Revision as of 22:01, 2 February 2010

METAL

Goncalo Abecasis, Yun Li and Cristen Willer, 2007

METAL is a tool for performing meta-analysis of p-values from two or more individual studies. Metal creates a single summary p-value from studies which could not be analyzed together because of differences in ethnicity, phenotype distribution, gender, inability to share individual-level data, or any other reason.

For each marker, an arbitrary reference allele is selected and a z-statistic characterizing the evidence for association is used as input. The z-statistic summarizes the magnitude and the direction of effect relative to the reference allele. An overall z-statistic and p-value are then calculated from the weighted average of the individual statistics. Weights are proportional to the square-root of the number of individuals examined in each sample and selected such that the squared weights sum to 1.0. If a sample contains related individuals, a smaller ‘effective’ population size may be used, but simulations suggest that modest changes in the effective sample size have very little impact on the final p-value.

Usage instructions

METAL is invoked with the command ‘metal’ and allows for analysis to be performed interactively. A convenient alternative is to save all commands into a single text file which can be provided as input. An example is at the bottom of this document.

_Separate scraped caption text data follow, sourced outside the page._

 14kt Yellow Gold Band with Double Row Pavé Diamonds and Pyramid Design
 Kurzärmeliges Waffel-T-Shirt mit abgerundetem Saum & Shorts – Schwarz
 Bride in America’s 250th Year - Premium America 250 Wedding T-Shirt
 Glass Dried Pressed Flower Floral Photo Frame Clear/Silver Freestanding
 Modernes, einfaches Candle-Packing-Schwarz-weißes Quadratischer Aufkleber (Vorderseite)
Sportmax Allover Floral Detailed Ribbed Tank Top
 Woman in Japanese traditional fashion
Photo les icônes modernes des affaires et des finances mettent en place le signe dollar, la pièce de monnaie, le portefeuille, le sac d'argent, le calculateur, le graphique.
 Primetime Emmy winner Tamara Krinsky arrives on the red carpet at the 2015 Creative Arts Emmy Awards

METAL allows for a variety of tabular formats in the input files, but the following information must be provided for each marker in each file;

There are a number of useful commands related to the analysis that are typically set early in the analysis. For example, the user can choose to weight studies in the meta-analysis using the inverse of the standard error, or the square root of the sample size. These are proportionate. Users should be cautious when weighting based on standard error that the beta and standard error are in the same units for all studies (i.e. same trait and same transformation applied to the trait). The default weighting scheme is SAMPLESIZE. SCHEME STDERR

METAL has an option to perform genomic control correction to all input files. METAL will estimate the inflation of the test statistic by comparing the median test statistic to that expected by chance, and then apply the genomic control correction to the p-values (for SAMPLESIZE weighted meta-analysis), or the standard error (for STDERR weighted meta-analysis). This should only be applied to files with whole genome data (i.e. should not be used for cohorts that only performed genotyping of replication SNPs). Genomic control can be turned off and on for different input files. We recommend applying genomic control correction to all input files, and also to the final output by loading the initial results file into METAL to perform genomic control correction on the final results. GENOMICCONTROL ON

METAL will optionally keep track of the effect allele frequency across all files and provide the mean, minimum and maximum. This can be quite useful to determine whether the frequencies are similar across different cohorts after METAL performs all strand alignment. METAL requires all input files to have an allele frequency column when this feature is turned on. AVERAGEFREQ ON MINMAXFREQ ON

Then, for each individual file, the following command will be used; FREQLABEL EffectAlleleFrequencyColumnHeading

We allow users to keep cumulative counts of custom variables across input files. An example of this might be to keep track of the sample size when performing standard-error weighted meta-analysis. The name of the custom variable should be defined once, before input files are loaded. The name of the heading in each file can be specified using the command LABEL for each file.

CUSTOMVARIABLE TotalSampleSize For each individual input file; LABEL TotalSampleSize as N

We allow flexible input formats, including a method for providing SNPs on different strands. Input files can contain a column which can indicate which strand the alleles are coded on (given as +/-). This feature can be turned on and off for different files in the same analysis. If USESTRAND is off, the strand is assumed to be “+” for all SNPs, although obvious strand problems for unambiguous SNPs are identified by METAL and appropriately handled (i.e. one study provides A/G alleles and a different study provides C/T alleles)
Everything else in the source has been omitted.